Find the limit of $\prod_{k = 4}^{\infty}\cos\left(\pi \over k\right)$

Question

Find the limit of $$\prod_{k = 4}^{\infty}\cos\left(\pi \over k\right)$$

The limit does exist, but I can not get it.

Thanks Willie-Wong & Lee Mosher for correcting the expression.

Answer 1

This is somewhat in between a comment and an answer.

To my surprise, the corresponding sum starting at $k = 3$ actually has a name. It is known as the Kepler-Bouwkamp constant or polygon-inscribing constant (OEIS A085365).

Start from a circle of radius $1$. Inscribe a triangle in it and take the in-cirlce. Inscribe a square in the new circle and then take the in-circle. Repeat this procedure for every regular $n$-gon, the limiting radius is this Kepler-Bouwkamp constant $K'$.

$$K' \approx 0.11494204485329620070104015765681268475360043148473...$$

The product we have is simply twice of this constant:

$$\prod_{k=4}^\infty \cos\frac{\pi}{k} = 2 K'$$

Aside form this, I can't find any useful information about this sum. The references in the wiki and OEIS link above may have more information for the Kepler-Bouwkamp constant, you should take a look at them.

Answer 2

Let $x_n = \prod_{k=4}^{n} \cos(\frac{\pi}{k})$ where $k$ is natural number and $n>3$.

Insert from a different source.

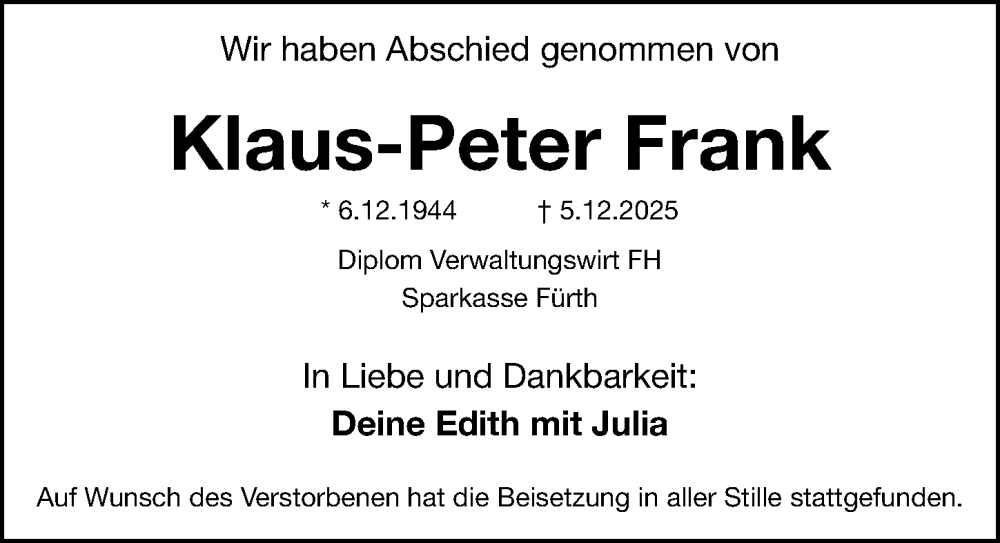  Traueranzeige für Klaus-Peter Frank vom 20.12.2025 aus Fürther Nachrichten Lokal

Since $x_n$ is positive for all $n$ and decreasing since $\cos(\frac{\pi}{k})$ is less than $1$, then $x_n$ converges to $\inf \{x_n | n=4,5,...\}$, by monotone convergence theorem.

Now, show that $x_n \rightarrow 0$:

Consider $$x_{n+1} = x_n \cdot \cos(\frac{\pi}{n+1});$$

Since $x_n \rightarrow a$ for some $0 \le a \le \cos(\frac{\pi}{4})$, then $x_{n+1} \rightarrow a $ too, and $\cos(\frac{\pi}{n+1}) \rightarrow 0$.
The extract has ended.